-- EXTRACTED ENTRIES follows --
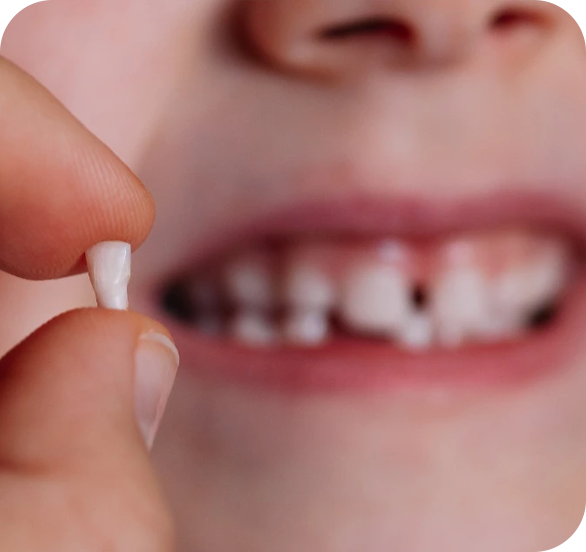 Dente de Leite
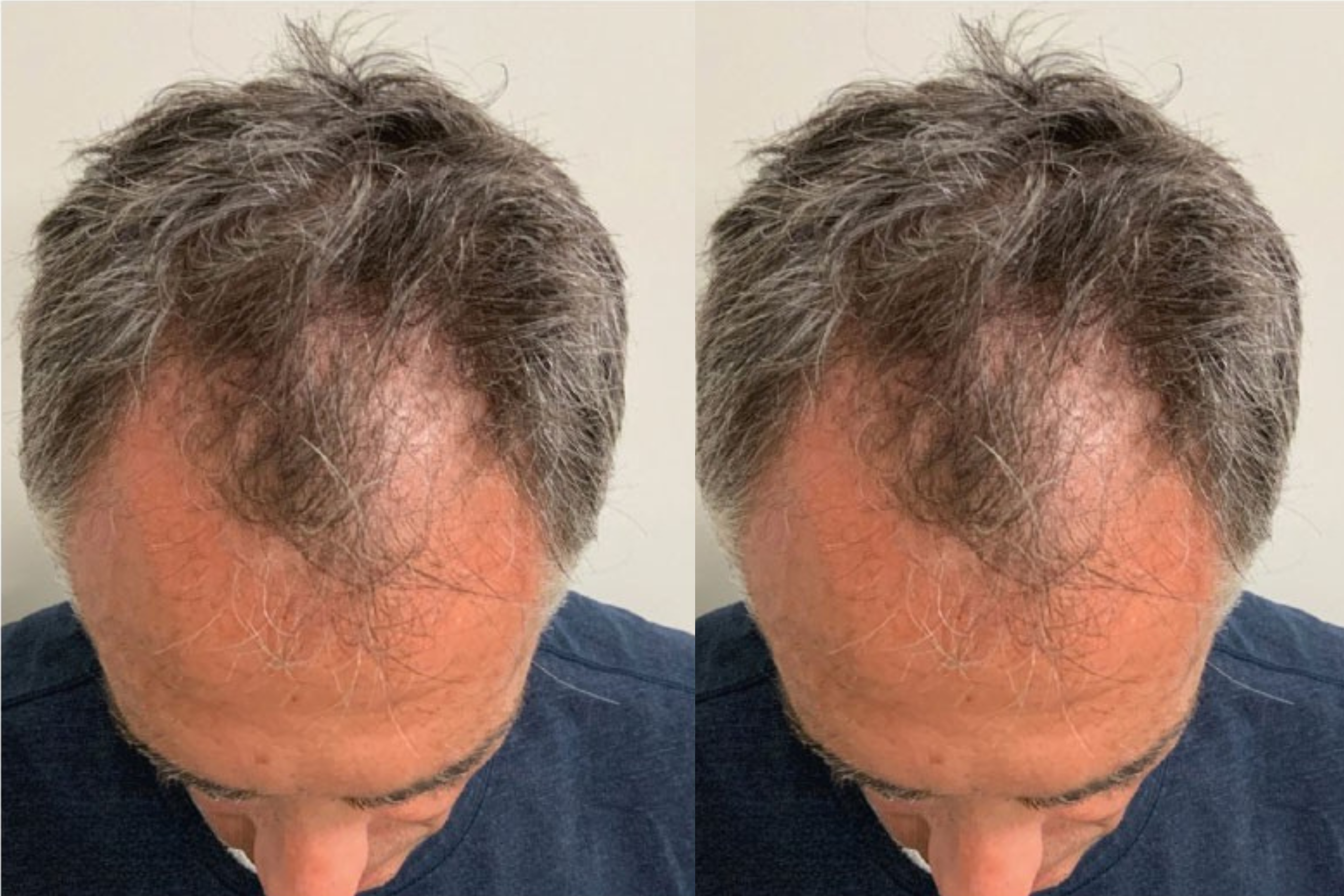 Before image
-- EXTRACTED ENTRIES concluded --
-- EXTRACTED ENTRIES follows --
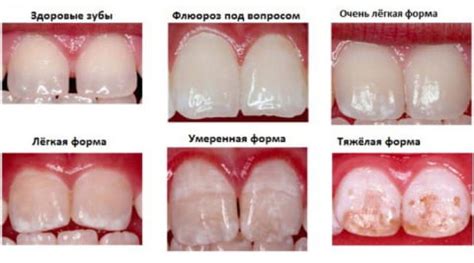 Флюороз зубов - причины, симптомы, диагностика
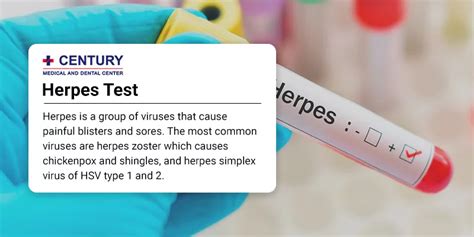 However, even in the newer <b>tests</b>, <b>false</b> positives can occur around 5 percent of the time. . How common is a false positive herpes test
-- EXTRACTED ENTRIES concluded --
ACTIVITY:
Please transcribe exactly the part of the records that opens with the line containing "Флюороз зубов - причины, симптомы, диагностика" and closes with the line containing "However, even in", both ends included, and leave out the pictures.

EXERCISE RESULT:
 Флюороз зубов - причины, симптомы, диагностика
 However, even in the newer <b>tests</b>, <b>false</b> positives can occur around 5 percent of the time. . How common is a false positive herpes test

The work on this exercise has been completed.